Maybe you still struggle with vocabulary related to new contexts and formal and academic language. You still may need some time to recall less frequent words and structures.

In grammar, you know most of the tenses, although some can still be challenging. For example, you may still make mistakes with irregular conjugation forms.

What to do now?

Challenge yourself with more difficult verbs. Start reading newspapers, and keep reading books to increase your vocabulary and push yourself closer toward the next stages of language acquisition.

Keep a vocabulary diary to write down words that you don’t understand.

Try to have fun. Watch movies and series, and find your favorite Spanish Youtuber and TikToker. Listen to podcasts. Find a Spanish pen pal or language partner. Keep surrounding yourself with Spanish.

5. Intermediate Fluency

Now we’re talking! Literally. 

Almost nothing can stop you when talking with a native speaker. 

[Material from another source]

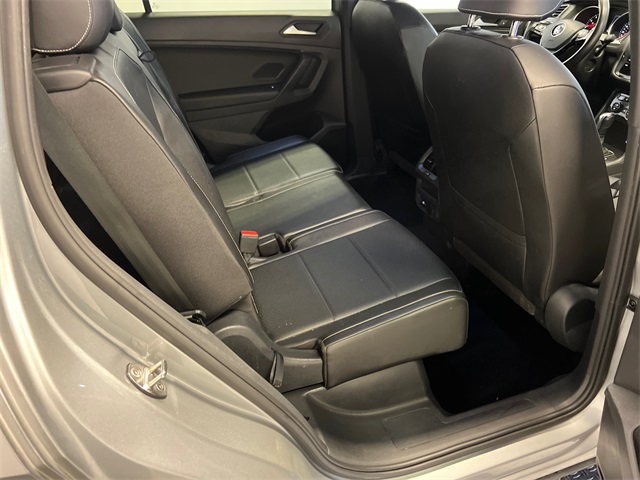 2021 Volkswagen Tiguan SE R-Line Black photo 11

Social language situations present no difficulty to you, and you can easily cope with new contexts and academic and formal language. 

Of course, there still might be some gaps in specific-purpose vocabulary.

But you know all the grammar structures and make very few mistakes.

You could function, study, and work in a Spanish-speaking country without any issues.

What to do?

Read, watch, write, and listen in Spanish. At this stage, you learn new words and phrases in context. Travel to a Spanish-speaking country.

Start the day reading the news in Spanish.

Polish your pronunciation.

Get yourself a grammar book for intermediate learners.

6. Advanced Fluency

This is almost the end of your journey—although we never stop learning.

At this level, you can communicate in all contexts, both formal and informal. 

You have tamed academic language, and you can learn new terms like most native speakers.

You might still make some errors with idiomatic expressions that you don’t use daily. But sometimes, only your accent reveals your foreign roots. 

Remember, you don’t have to have a perfect accent to speak like a native speaker! 

What to do?

It’s more challenging to progress when you’re an advanced Spanish learner. The progress is less visible, and you might lose motivation. So prepare yourself for a new Spanish routine and stick to it!

Get yourself a novel in Spanish. 

Watch even more movies and series. 

Subscribe to advanced podcasts. 

Practice specific vocabulary, academic vocabulary, and formal language. 

Practice different forms of writing.